▶ _EXERCISE DETAILS_
Lines from the one containing "Lulus Lulu’s Brightly" through the final line of the data, restated word for word and free of pictures, make up the whole answer.
____ DATASET CONTENT
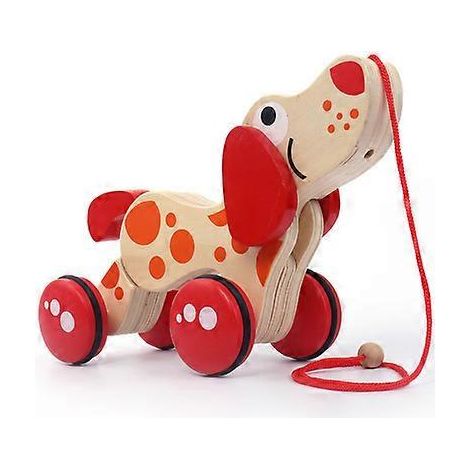 Jouet à tirer en bois Hape Chiot à pousser et à tirer primé pour les tout-petits. Peut s'asseoir, se tenir debout et rouler. Roues à jantes en caoutchouc pour une utilisation facile. (1/5)
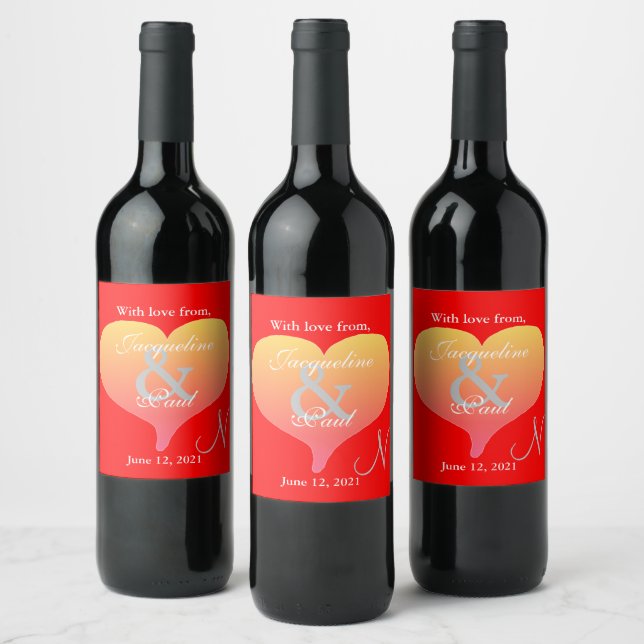 Sunset Heart Rouge Mariage Monogramme Étiquettes (Bouteilles)
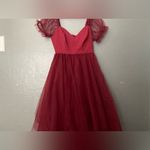 Lulus Lulu’s Brightly Beloved Wine Red Tulle Tiered Puff
Sleeve Midi Dress Size Medium Photo 5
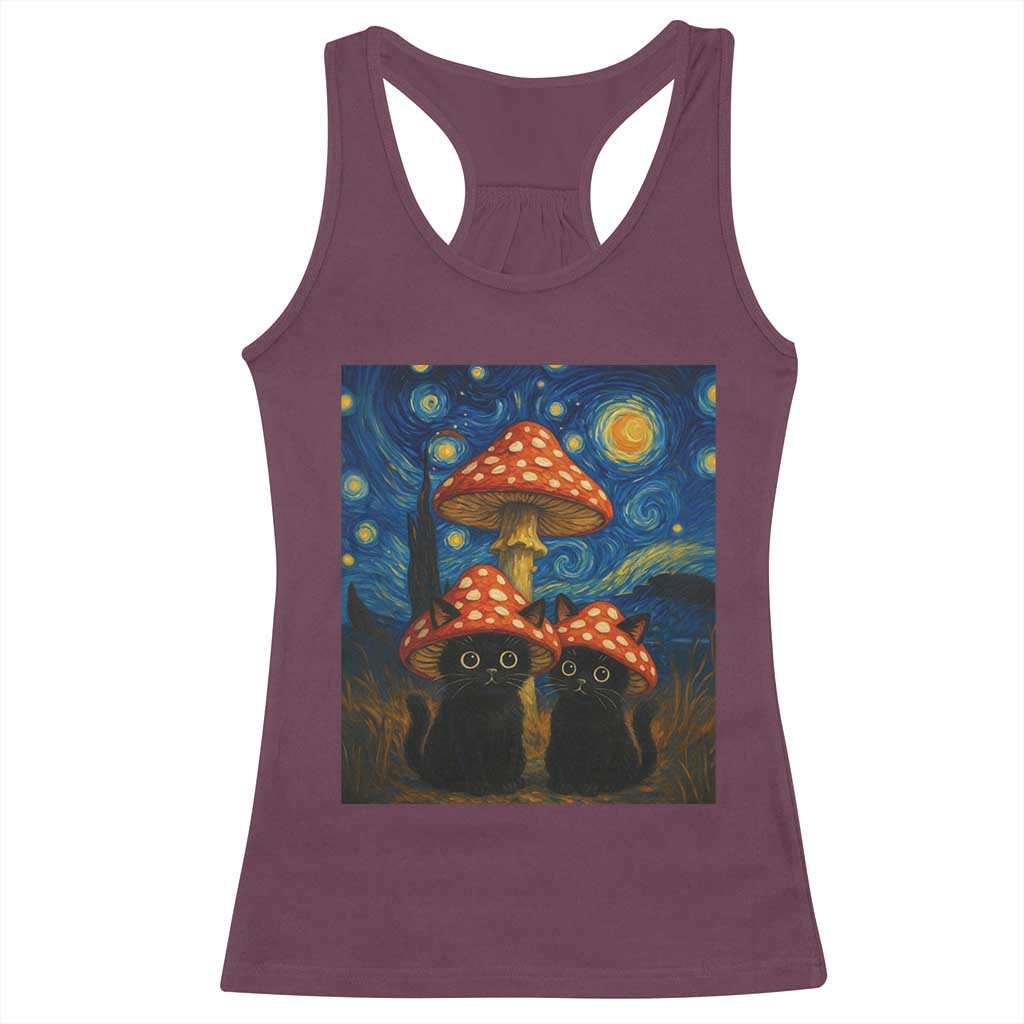 Cute Black Cat Mushroom Racerback Tank Top Stary Night Vangogh Amanita Muscaria - Wonder Print Shop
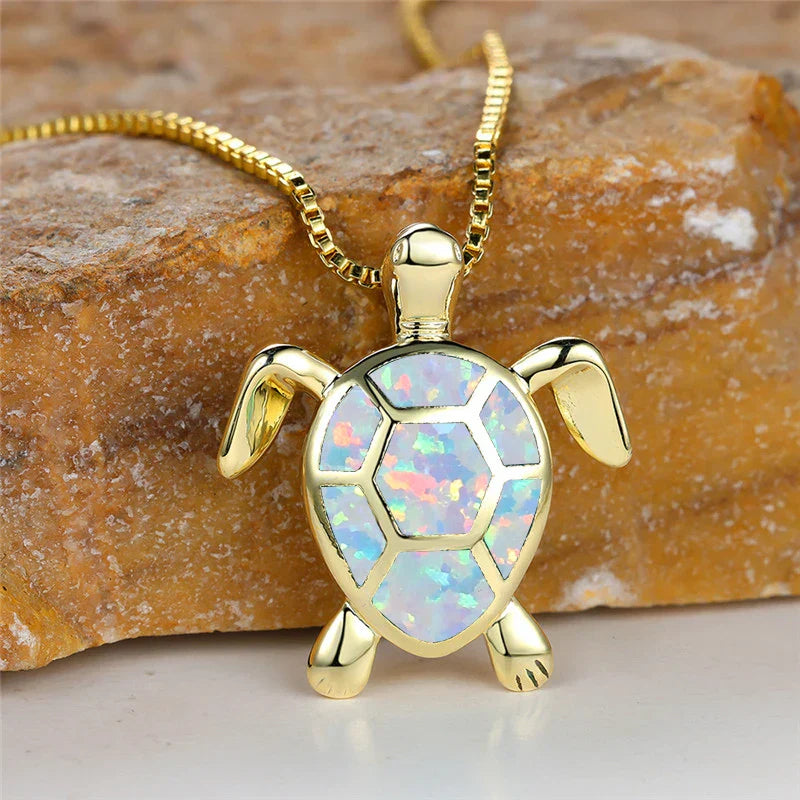 Vintage Gold Green Fire Opal Turtle Pendant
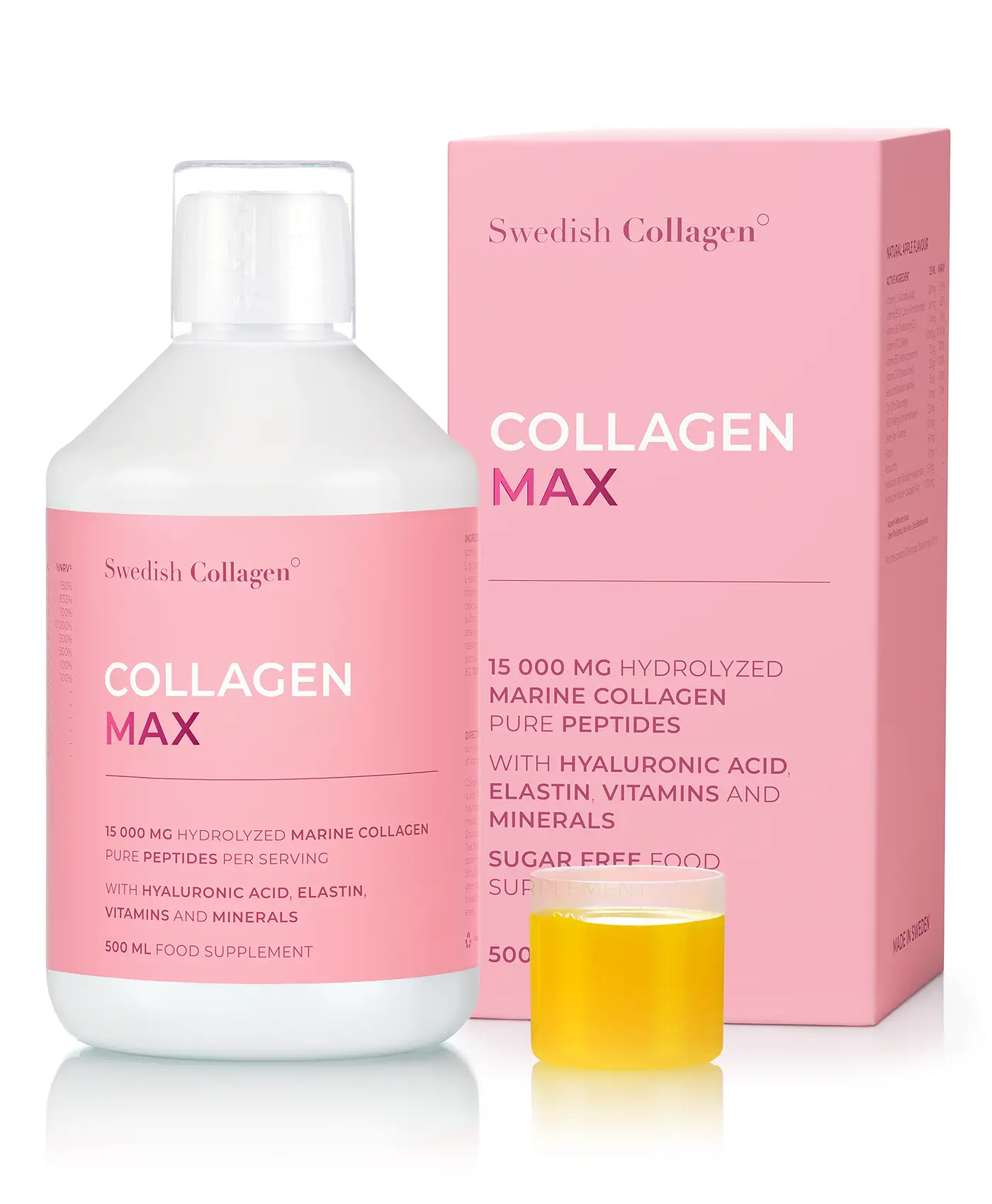 Collagen max - colagen marin hidrolizat lichid 15. 000 mg tip 1 și 3 + acid hialuronic 150 mg + elastină 50 mg + msm 125 mg + biotină 5000 mcg + zinc + seleniu + vitamine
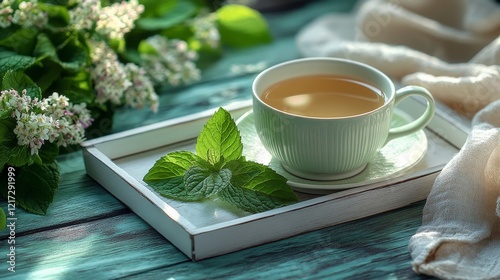 Warm cup of herbal tea with mint leaves on a cozy bed in soft morning light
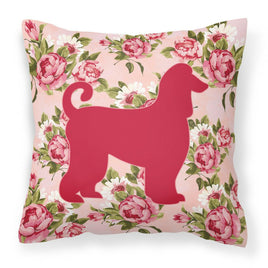 Afghan Hound Shabby Chic Pink Roses  Fabric Decorative Pillow BB1066-RS-PK-PW1414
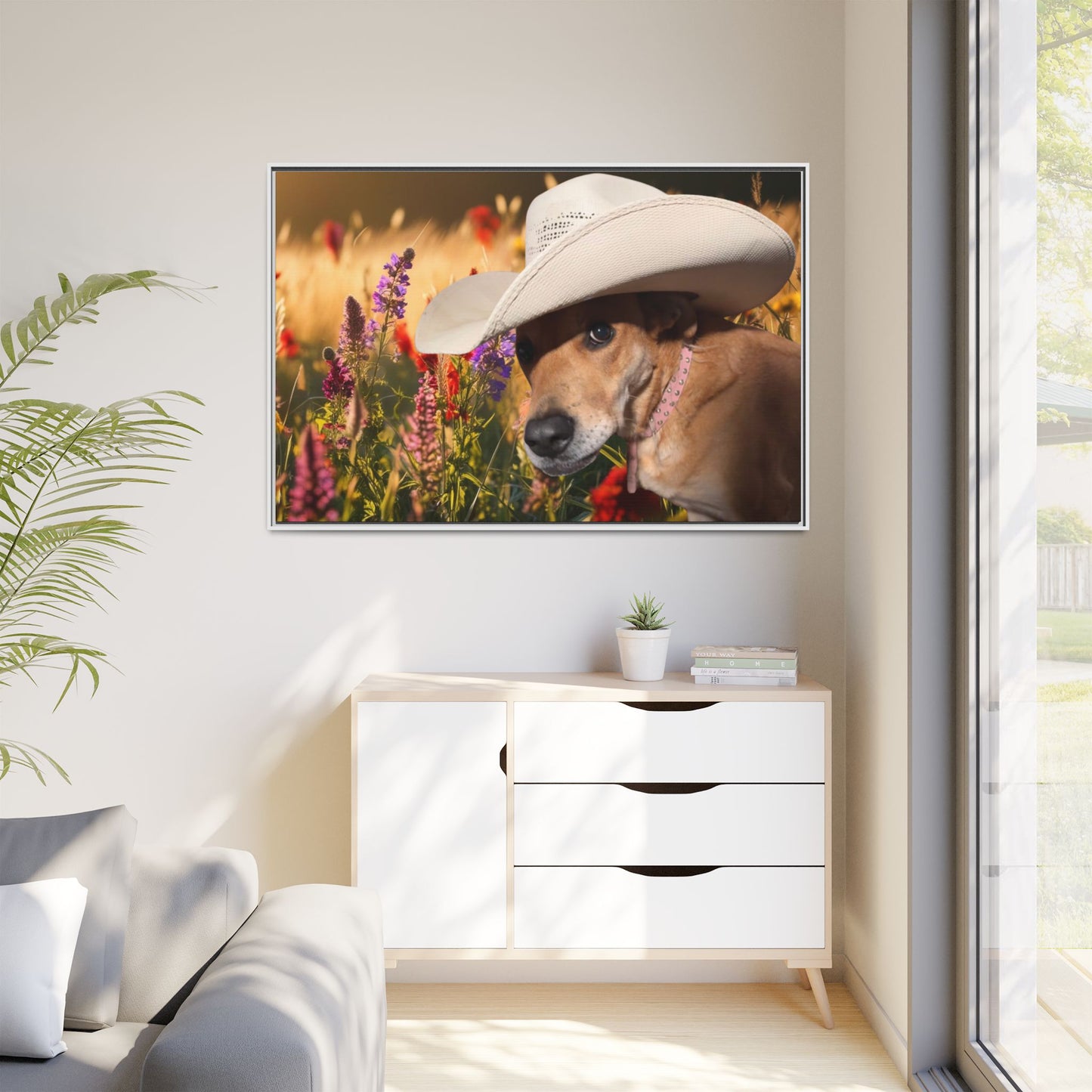 Canvas Wall Art - Peek-a-Boo Cowgirl Fanny in the flowers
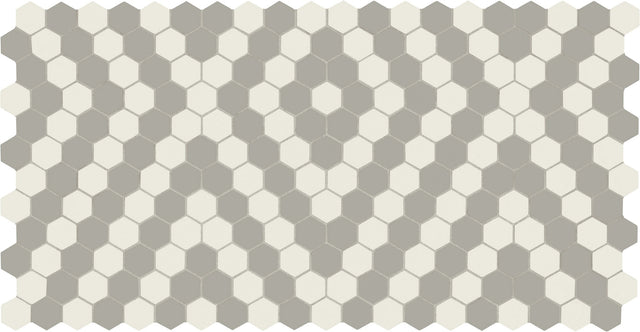 American Olean Unglazed Mosaics Ice White/Light Smoke/Diamond Hexagon 1x1 Matte Mosaic Tile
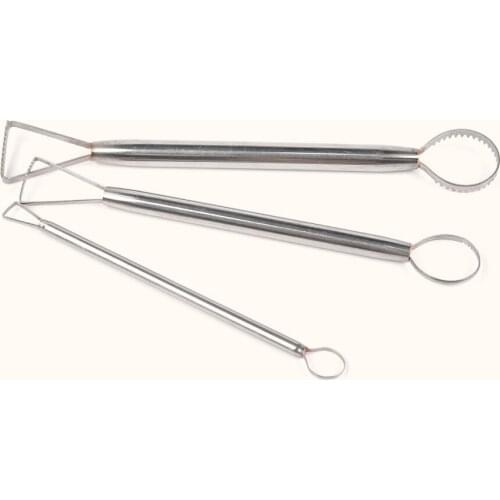Pottery sculpture trimming tool Stainless steel double-headed tooth trimming tool for scraping and trimming texture clay tools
________
▶ _SOLVED EXERCISE_
 Lulus Lulu’s Brightly Beloved Wine Red Tulle Tiered Puff
Sleeve Midi Dress Size Medium Photo 5
 Cute Black Cat Mushroom Racerback Tank Top Stary Night Vangogh Amanita Muscaria - Wonder Print Shop
 Vintage Gold Green Fire Opal Turtle Pendant
 Collagen max - colagen marin hidrolizat lichid 15. 000 mg tip 1 și 3 + acid hialuronic 150 mg + elastină 50 mg + msm 125 mg + biotină 5000 mcg + zinc + seleniu + vitamine
 Warm cup of herbal tea with mint leaves on a cozy bed in soft morning light
 Afghan Hound Shabby Chic Pink Roses  Fabric Decorative Pillow BB1066-RS-PK-PW1414
 Canvas Wall Art - Peek-a-Boo Cowgirl Fanny in the flowers
 American Olean Unglazed Mosaics Ice White/Light Smoke/Diamond Hexagon 1x1 Matte Mosaic Tile
Pottery sculpture trimming tool Stainless steel double-headed tooth trimming tool for scraping and trimming texture clay tools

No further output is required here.